■ EXERCISE REQUIREMENTS ■
Go to the line with "Love diamond bracelet" in the entries below and write out every line from there through the line with "Apricot tube top", exactly and without pictures.

■ PROVIDED RECORDS ■
__________

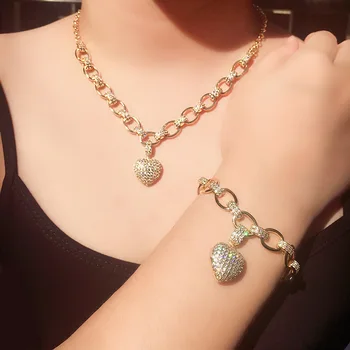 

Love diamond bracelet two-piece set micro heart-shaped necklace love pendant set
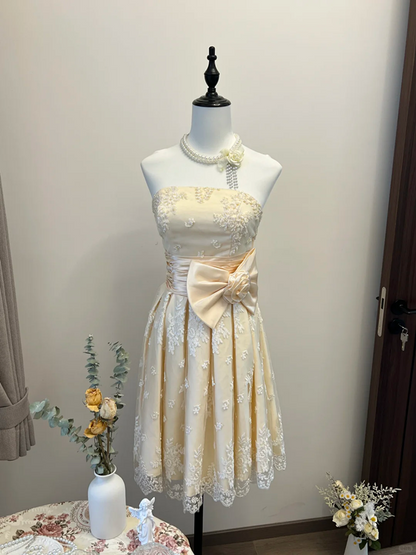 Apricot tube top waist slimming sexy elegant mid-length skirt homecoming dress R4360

__________

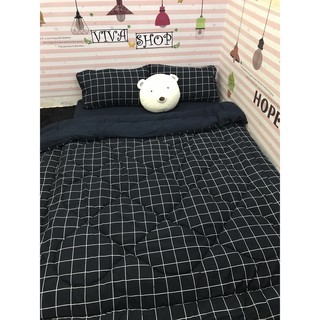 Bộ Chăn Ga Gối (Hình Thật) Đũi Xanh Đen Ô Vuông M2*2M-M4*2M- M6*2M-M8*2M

__________

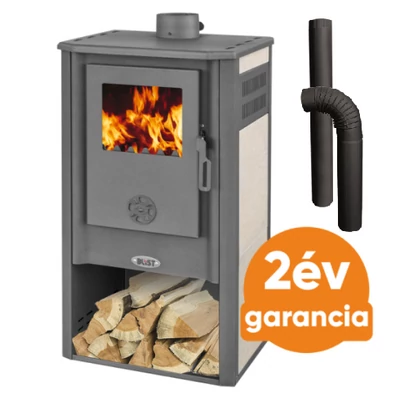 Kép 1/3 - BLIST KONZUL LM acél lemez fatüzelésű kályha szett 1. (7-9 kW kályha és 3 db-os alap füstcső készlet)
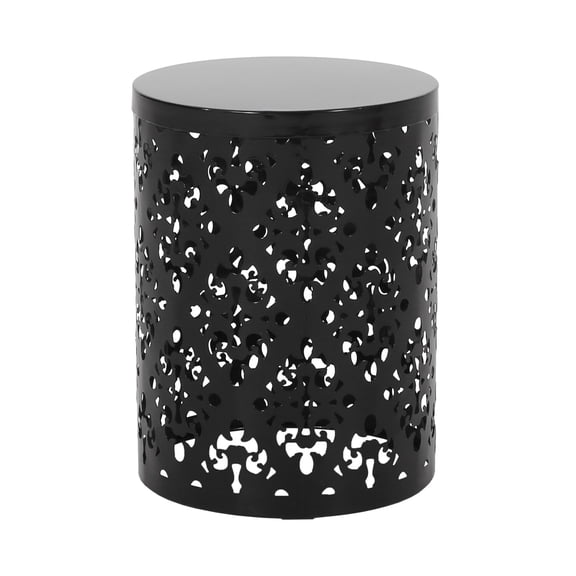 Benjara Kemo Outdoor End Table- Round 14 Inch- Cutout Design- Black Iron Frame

__________

■ SOLUTION TO THE PROBLEM ■
Love diamond bracelet two-piece set micro heart-shaped necklace love pendant set
 Apricot tube top waist slimming sexy elegant mid-length skirt homecoming dress R4360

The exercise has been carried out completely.